Instruments and scoring

We used the validated Amharic version (official language of Ethiopia and the study area) of three data collection instruments: EORTC QLQ-C30, EORTC QLQ-BR23 and EQ-5D-5 L (Additional file 1).

  1. i.

    EORTC QLQ-C30: The EORTC QLQ-C30 consists of five functional scales (physical, emotional, role, cognitive, and social functioning), nine symptom scales (fatigue, nausea/vomiting, pain, dyspnea, insomnia, appetite loss, constipation, diarrhea and financial difficulties) and the GQoL scale, which aims to provide a multidimensional assessment of the HRQoL of patients based on 28 questions using a four-point scale. Two additional questions were used to determine the state of health on a seven-point Likert scale. Each of the multi-item scales includes a different set of items, no item occurs in more than one scale [14].

  2. ii.

    EORTC QLQ-BR23: The side-effects of therapy and tumour-related symptoms in patients with breast cancer was determined and recorded using the additional EORTC QLQ-BR23 module, which consists of 23 questions distributed across eight (sexual functioning, future perspective, body image, sexual enjoyment, systemic therapy, breast symptoms, arm symptoms, and upset by hair loss) with a four-point scales; from 1 = not at all to 4 = very much [14].

  3. iii.

    EQ-5D-5 L:The generic EQ-5D-5 L questionnaire assessed the HRQoL across five dimensions (mobility, self-care, usual activities, pain/discomfort, and anxiety/depression), with a 5-level response (from 1 = no problem to 5 = extreme problem) and the EQ-VAS scale on which the overall state of health is marked by the patient in the form of a number (0 = worst imaginable state of health, 100 = best imaginable state of health). The utility value between the worst and best health state is on a scale from 0 to 1, where 0 denotes death and 1 denotes perfect health. EQ-5D-5 L is highly discriminatory, easy to use and can generate a single total score based on socially relevant measures of HRQoL [15].

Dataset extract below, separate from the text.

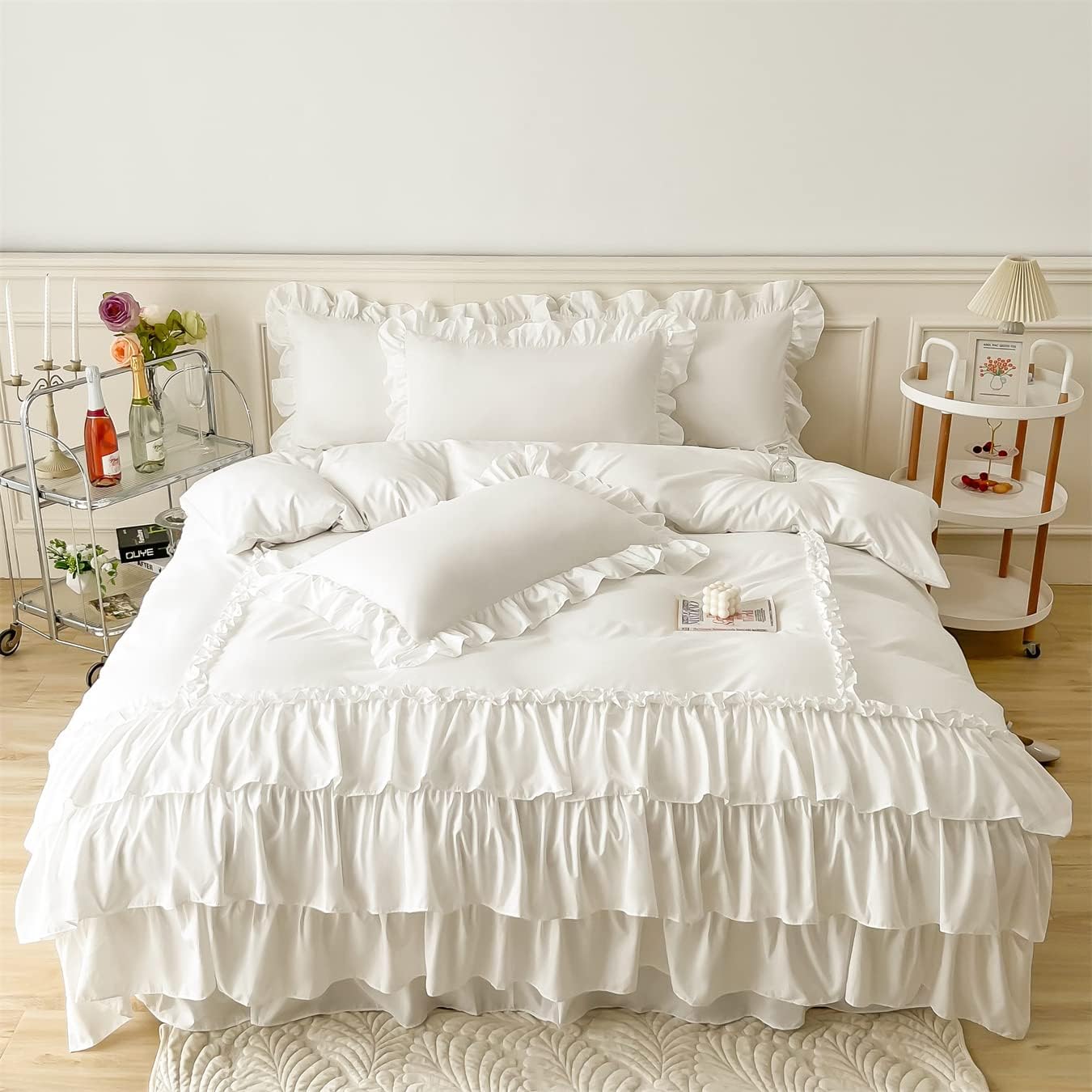 White ruffled bedding set on a bed in a bedroom setting.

Both EORTC QLQ-C30 and EORTC QLQ-BR23 are composed of both multi-item scales and single-item measures. Each of the multi-item scales includes a different set of items, no item occurs in more than one scale. The principle for scoring the EORTC QLQ-C30 and EORTC QLQ-BR23 scales is the same in all cases which starts with estimating the average of the items that contribute to the scale (raw score) and using a linear transformation to standardize the raw score. Scores range from 0 to 100; a higher score represents a higher (“better”) level of functioning, or a higher (“worse”) level of symptoms [14]. The two items for the scales are scored positively (i.e. “very much” is best) and therefore use the same algebraic equation as for symptom scales which is reversely coded; however, the Body Image scale uses the algebraic equation for functioning scales [16].

Data analysis and interpretation

Statistical analysis was undertaken using SPSS 23.0. Analyzing the data, responses were reverse coded as appropriate. Simple descriptive statistics such as frequencies, means, and standard deviations (SD) were employed to report the socio-demographic characteristics, clinical characteristics, EORTC QLQ-C30, EORTC QLQ-BR23, EQ-5D-5 L, and EQ VAS scores. Multivariable logistic regression was carried out to identify possible predicting factors for GQoL. GQoL, symptom and functional scales have been dichotomized into “Affected at any degree” and “Not affected at all”. A score below 75 (above 75 mean no problem at all) for functional and GQoL scales were defined as “Affected at any degree”. Scores above a 25 mean (below 25 indicates no symptom at all) were defined as “Affected at any degree” and binary logistic regression was conducted between the GQoL and independent variables to obtain candidate variables for multi-variable logistic regression analysis. Variables with p-value < 0.25 were candidate for multiple regression analysis. Due to many independent variables, forward stepwise method was used for the multivariable analysis and significance of association was determined at p-value < 0.05. Patient’s utility score is obtained using possible (3125) health states of patients with breast cancer defined by the 5 dimensions and disutility coefficient of general population. Thus, it was calculated using the Ethiopian general population utility value set [17]. One caveat in order is the limitation within the analysis where causality of the associations was not confirmed.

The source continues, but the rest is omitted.